« Je fais comment moi…”, “Le monde d’après…”, “Avant on…’, “Je ne sais pas si vous aussi…”, “Aujourd’hui ça va pas…”.
L’expérience de confinement inédit libère les paroles et les émotions. Parmi celles ci, un étrange déficit de sens, rapidement transformé en pénurie de normalité.
Comme le rappelait récemment l’anthropologue Monica Schoch-Spana
« Les pandémies ne sont pas seulement physiques… Elles s’accompagnent également d’une pandémie masquée de blessures psychologiques et sociétales.”

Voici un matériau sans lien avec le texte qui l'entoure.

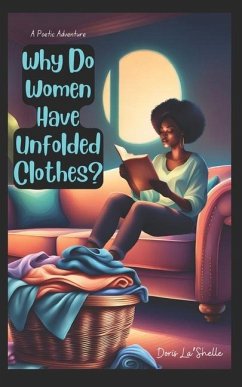 Why Do Women Have Unfolded Clothes? - Dryden, D. La'shelle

Après deux semaines de confinement ce sentiment “d’étrangement” qui fait écho à l’inquiétante étrangeté détectée par Freud se reflète dans notre profonde “incertitude anticipatoire” qui est une angoisse du futur explique David Kessler, spécialiste du deuil. Le côté invisible et diffus du Covid19 ne fait qu’augmenter la confusion intense et collective ressentie chez les gens confinés.
Souvent, et c’est le signe historique des époques de fléaux. Cette pénurie de normalité se double d’un sourd et profond sentiment de perte de ce qui faisait notre humanité dans le monde d’avant. Pire, elle ressuscite cette peur panique de l’animalité de l’homme qui resurgit inexorablement à chaque pandémie face à la fragilité de notre “vernis civilisationnel” en temps de crise.
“Nos concitoyens continuaient de faire des affaires ils préparaient des voyages et ils avaient des opinions.Comment auraient-ils pensé à la peste qui supprime, l’avenir, les déplacements et les discussions ?”
Albert Camus, La peste
Perte de futur
Cette incertitude anticipatoire est le premier symptôme de notre impossibilité à envisager le futur. Un étrange mal dont l’écrivain culte de Science-Fiction William Gibson s’est fait l’écho récemment :
“J’ai grandi devant une télé en bois en 1953 on entendait souvent : le XXIème siècle arrive. Combien de fois entendez vous parler du XXIIème siècle. On ne parle jamais du XXIIème siècle. Nous n’avons plus de futur en ce sens où nous n’avons plus ce genre d’anticipation culturelle”
Abondance d’absurdité
Parfois, cette perte d’horizons rentre en collision brutale avec un sentiment lancinant d’absurdité tel que le décrivait, Camus, toujours aussi prescient :
“Le monde absurde plus qu’un autre tire sa noblesse de sa naissance misérable. Dans certaines situations répondre: “rien” à une question sur la nature de ses pensées peut être une feinte chez un homme. Les êtres aimés le savent bien. Mais si cette réponse est sincère si elle figure ce singulier état d’âme où le vide devient éloquent, où la chaîne des gestes quotidiens est rompue, où le cœur cherche en vain le maillon qui la renoue, elle est alors comme le premier signe de l’absurdité.”
L’acceptation
Dans cette période d’anormalité aiguë, nous effectuons péniblement le long cheminement de l’acceptation dans les 5 phases du deuil théorisées par Elisabeth Kuler-Ross (Deni, colère, négociation, dépression, acceptation)…Nous marchandons chaque jour avec l’anxiété provoquée par l’angoisse de la mort d’êtres proches, augmentée d’une incertitude économique professionnelle et économique violente.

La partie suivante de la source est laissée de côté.